• _Directions for this task_: Output only the lines below that start at the line containing "They say, calico" and end at the line containing "かわいいチャウチャウ 犬 ライブ壁紙 スクリーンショット 1", with both ends kept.

Saved entries:
-- Opening Marker --
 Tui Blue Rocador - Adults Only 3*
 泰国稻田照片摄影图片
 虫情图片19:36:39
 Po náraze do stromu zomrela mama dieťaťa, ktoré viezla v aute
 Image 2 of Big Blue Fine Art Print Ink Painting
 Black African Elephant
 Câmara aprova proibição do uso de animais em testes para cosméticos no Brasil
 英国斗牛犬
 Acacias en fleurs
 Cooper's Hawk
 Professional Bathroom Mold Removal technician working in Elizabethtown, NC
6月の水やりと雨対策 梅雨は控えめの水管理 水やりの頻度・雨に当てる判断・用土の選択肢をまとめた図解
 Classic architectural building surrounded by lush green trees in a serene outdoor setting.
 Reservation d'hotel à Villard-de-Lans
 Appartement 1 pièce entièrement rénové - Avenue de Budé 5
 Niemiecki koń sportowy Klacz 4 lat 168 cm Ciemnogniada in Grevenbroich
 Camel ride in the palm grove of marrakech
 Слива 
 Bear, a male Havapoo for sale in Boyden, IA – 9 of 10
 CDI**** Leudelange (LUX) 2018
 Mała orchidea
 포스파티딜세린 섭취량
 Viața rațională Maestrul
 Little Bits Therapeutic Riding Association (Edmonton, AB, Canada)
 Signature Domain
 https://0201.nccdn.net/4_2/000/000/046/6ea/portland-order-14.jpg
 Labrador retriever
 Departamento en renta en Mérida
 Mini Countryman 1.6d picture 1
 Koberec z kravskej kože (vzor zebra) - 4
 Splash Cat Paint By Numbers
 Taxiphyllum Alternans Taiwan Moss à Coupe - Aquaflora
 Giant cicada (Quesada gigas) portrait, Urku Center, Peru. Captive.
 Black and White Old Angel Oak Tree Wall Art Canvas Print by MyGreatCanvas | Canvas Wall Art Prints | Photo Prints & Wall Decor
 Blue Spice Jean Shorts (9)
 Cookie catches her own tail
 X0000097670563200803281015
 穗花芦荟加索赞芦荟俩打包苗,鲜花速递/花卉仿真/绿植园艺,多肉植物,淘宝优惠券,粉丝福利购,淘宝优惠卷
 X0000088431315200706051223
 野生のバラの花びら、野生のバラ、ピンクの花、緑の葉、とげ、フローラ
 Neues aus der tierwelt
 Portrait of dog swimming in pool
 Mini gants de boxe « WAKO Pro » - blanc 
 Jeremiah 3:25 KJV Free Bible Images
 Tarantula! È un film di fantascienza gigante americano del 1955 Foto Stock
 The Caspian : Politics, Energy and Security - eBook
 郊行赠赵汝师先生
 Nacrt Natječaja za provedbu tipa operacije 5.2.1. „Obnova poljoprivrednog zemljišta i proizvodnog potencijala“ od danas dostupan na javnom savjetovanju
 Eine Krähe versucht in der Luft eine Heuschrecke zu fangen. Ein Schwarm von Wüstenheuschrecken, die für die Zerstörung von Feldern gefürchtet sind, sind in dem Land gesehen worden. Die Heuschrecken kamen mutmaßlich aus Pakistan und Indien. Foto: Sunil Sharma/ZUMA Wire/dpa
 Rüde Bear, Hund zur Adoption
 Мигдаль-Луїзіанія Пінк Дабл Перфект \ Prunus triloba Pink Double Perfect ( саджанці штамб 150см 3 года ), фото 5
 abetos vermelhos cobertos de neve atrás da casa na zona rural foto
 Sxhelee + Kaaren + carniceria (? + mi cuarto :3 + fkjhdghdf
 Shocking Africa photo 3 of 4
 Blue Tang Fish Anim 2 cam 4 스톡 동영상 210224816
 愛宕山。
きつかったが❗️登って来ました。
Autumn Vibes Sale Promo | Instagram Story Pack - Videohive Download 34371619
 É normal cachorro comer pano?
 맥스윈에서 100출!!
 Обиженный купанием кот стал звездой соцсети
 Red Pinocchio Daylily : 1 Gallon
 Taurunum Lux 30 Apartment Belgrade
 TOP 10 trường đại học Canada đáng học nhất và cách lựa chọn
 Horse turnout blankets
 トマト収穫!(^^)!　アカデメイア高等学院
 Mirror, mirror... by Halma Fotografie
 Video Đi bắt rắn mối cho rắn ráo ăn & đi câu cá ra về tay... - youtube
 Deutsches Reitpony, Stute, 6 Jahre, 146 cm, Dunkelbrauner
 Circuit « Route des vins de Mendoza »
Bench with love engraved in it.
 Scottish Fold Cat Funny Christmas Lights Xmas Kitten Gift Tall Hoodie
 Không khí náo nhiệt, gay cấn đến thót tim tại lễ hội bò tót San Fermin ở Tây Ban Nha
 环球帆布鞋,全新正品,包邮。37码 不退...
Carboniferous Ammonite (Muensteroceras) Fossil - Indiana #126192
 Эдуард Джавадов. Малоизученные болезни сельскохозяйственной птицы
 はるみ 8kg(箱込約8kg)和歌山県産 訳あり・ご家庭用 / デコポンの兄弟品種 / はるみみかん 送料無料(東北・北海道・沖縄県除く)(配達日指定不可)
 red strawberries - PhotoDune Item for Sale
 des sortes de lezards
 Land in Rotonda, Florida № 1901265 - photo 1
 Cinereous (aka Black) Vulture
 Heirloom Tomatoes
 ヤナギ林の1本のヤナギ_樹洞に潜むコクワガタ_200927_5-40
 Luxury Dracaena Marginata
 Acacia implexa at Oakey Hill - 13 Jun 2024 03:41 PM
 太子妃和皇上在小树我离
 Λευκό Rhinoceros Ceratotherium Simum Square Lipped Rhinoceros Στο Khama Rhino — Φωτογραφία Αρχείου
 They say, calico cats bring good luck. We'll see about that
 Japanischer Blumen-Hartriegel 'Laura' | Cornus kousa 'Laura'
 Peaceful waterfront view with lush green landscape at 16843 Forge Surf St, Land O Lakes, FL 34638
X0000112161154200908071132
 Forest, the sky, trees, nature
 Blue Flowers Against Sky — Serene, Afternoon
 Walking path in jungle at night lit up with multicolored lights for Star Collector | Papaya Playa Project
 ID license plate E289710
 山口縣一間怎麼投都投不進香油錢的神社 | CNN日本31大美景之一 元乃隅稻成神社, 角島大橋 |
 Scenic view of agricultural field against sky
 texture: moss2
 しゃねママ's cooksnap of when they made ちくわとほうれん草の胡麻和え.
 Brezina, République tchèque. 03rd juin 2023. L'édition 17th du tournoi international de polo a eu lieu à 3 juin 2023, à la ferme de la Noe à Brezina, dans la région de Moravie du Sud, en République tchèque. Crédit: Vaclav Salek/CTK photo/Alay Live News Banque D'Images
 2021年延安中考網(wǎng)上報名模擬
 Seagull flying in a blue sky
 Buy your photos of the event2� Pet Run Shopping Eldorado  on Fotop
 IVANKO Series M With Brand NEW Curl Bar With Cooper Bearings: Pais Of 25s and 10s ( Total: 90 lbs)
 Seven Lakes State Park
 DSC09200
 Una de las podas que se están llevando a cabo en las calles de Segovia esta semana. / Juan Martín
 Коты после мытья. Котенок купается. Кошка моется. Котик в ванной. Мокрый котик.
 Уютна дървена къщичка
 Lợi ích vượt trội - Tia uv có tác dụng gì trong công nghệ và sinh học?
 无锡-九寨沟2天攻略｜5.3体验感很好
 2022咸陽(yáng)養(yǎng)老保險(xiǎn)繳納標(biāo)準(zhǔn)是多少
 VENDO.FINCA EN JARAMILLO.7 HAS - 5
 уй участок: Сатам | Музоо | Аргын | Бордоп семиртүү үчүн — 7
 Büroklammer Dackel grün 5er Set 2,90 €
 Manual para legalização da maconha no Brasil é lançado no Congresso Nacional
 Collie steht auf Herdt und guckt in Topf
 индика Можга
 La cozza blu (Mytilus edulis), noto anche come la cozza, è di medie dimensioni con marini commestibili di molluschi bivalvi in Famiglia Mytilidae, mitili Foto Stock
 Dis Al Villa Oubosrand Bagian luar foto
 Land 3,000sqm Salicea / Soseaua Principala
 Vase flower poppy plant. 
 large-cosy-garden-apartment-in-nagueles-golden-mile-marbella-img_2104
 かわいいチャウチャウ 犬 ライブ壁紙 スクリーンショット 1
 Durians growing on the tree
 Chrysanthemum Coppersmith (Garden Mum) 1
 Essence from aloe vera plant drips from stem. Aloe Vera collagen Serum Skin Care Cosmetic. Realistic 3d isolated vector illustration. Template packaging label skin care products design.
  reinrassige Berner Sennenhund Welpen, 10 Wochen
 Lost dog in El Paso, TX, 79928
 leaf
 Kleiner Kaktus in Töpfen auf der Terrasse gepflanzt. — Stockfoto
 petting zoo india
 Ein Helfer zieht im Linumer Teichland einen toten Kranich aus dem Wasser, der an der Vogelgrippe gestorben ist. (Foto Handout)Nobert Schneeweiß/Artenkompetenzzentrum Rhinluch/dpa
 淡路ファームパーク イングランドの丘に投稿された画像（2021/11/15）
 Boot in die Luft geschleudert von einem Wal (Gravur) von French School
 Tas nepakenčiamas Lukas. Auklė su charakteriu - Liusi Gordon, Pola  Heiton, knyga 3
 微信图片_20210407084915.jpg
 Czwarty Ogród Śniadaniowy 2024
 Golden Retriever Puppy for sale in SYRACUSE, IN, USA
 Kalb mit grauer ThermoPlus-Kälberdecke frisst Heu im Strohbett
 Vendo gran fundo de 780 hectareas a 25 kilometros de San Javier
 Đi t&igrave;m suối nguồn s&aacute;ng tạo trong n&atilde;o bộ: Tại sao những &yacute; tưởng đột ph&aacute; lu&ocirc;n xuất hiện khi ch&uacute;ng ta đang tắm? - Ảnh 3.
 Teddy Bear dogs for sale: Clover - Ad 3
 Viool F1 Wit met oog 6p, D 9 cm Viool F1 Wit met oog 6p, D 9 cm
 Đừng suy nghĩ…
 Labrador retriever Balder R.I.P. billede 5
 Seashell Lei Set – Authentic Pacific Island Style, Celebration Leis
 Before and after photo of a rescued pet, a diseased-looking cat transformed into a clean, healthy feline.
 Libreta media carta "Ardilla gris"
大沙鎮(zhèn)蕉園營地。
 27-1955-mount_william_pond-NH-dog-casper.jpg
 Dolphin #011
-- Closing Marker --
• _Your solution_:
 They say, calico cats bring good luck. We'll see about that
 Japanischer Blumen-Hartriegel 'Laura' | Cornus kousa 'Laura'
 Peaceful waterfront view with lush green landscape at 16843 Forge Surf St, Land O Lakes, FL 34638
X0000112161154200908071132
 Forest, the sky, trees, nature
 Blue Flowers Against Sky — Serene, Afternoon
 Walking path in jungle at night lit up with multicolored lights for Star Collector | Papaya Playa Project
 ID license plate E289710
 山口縣一間怎麼投都投不進香油錢的神社 | CNN日本31大美景之一 元乃隅稻成神社, 角島大橋 |
 Scenic view of agricultural field against sky
 texture: moss2
 しゃねママ's cooksnap of when they made ちくわとほうれん草の胡麻和え.
 Brezina, République tchèque. 03rd juin 2023. L'édition 17th du tournoi international de polo a eu lieu à 3 juin 2023, à la ferme de la Noe à Brezina, dans la région de Moravie du Sud, en République tchèque. Crédit: Vaclav Salek/CTK photo/Alay Live News Banque D'Images
 2021年延安中考網(wǎng)上報名模擬
 Seagull flying in a blue sky
 Buy your photos of the event2� Pet Run Shopping Eldorado  on Fotop
 IVANKO Series M With Brand NEW Curl Bar With Cooper Bearings: Pais Of 25s and 10s ( Total: 90 lbs)
 Seven Lakes State Park
 DSC09200
 Una de las podas que se están llevando a cabo en las calles de Segovia esta semana. / Juan Martín
 Коты после мытья. Котенок купается. Кошка моется. Котик в ванной. Мокрый котик.
 Уютна дървена къщичка
 Lợi ích vượt trội - Tia uv có tác dụng gì trong công nghệ và sinh học?
 无锡-九寨沟2天攻略｜5.3体验感很好
 2022咸陽(yáng)養(yǎng)老保險(xiǎn)繳納標(biāo)準(zhǔn)是多少
 VENDO.FINCA EN JARAMILLO.7 HAS - 5
 уй участок: Сатам | Музоо | Аргын | Бордоп семиртүү үчүн — 7
 Büroklammer Dackel grün 5er Set 2,90 €
 Manual para legalização da maconha no Brasil é lançado no Congresso Nacional
 Collie steht auf Herdt und guckt in Topf
 индика Можга
 La cozza blu (Mytilus edulis), noto anche come la cozza, è di medie dimensioni con marini commestibili di molluschi bivalvi in Famiglia Mytilidae, mitili Foto Stock
 Dis Al Villa Oubosrand Bagian luar foto
 Land 3,000sqm Salicea / Soseaua Principala
 Vase flower poppy plant. 
 large-cosy-garden-apartment-in-nagueles-golden-mile-marbella-img_2104
 かわいいチャウチャウ 犬 ライブ壁紙 スクリーンショット 1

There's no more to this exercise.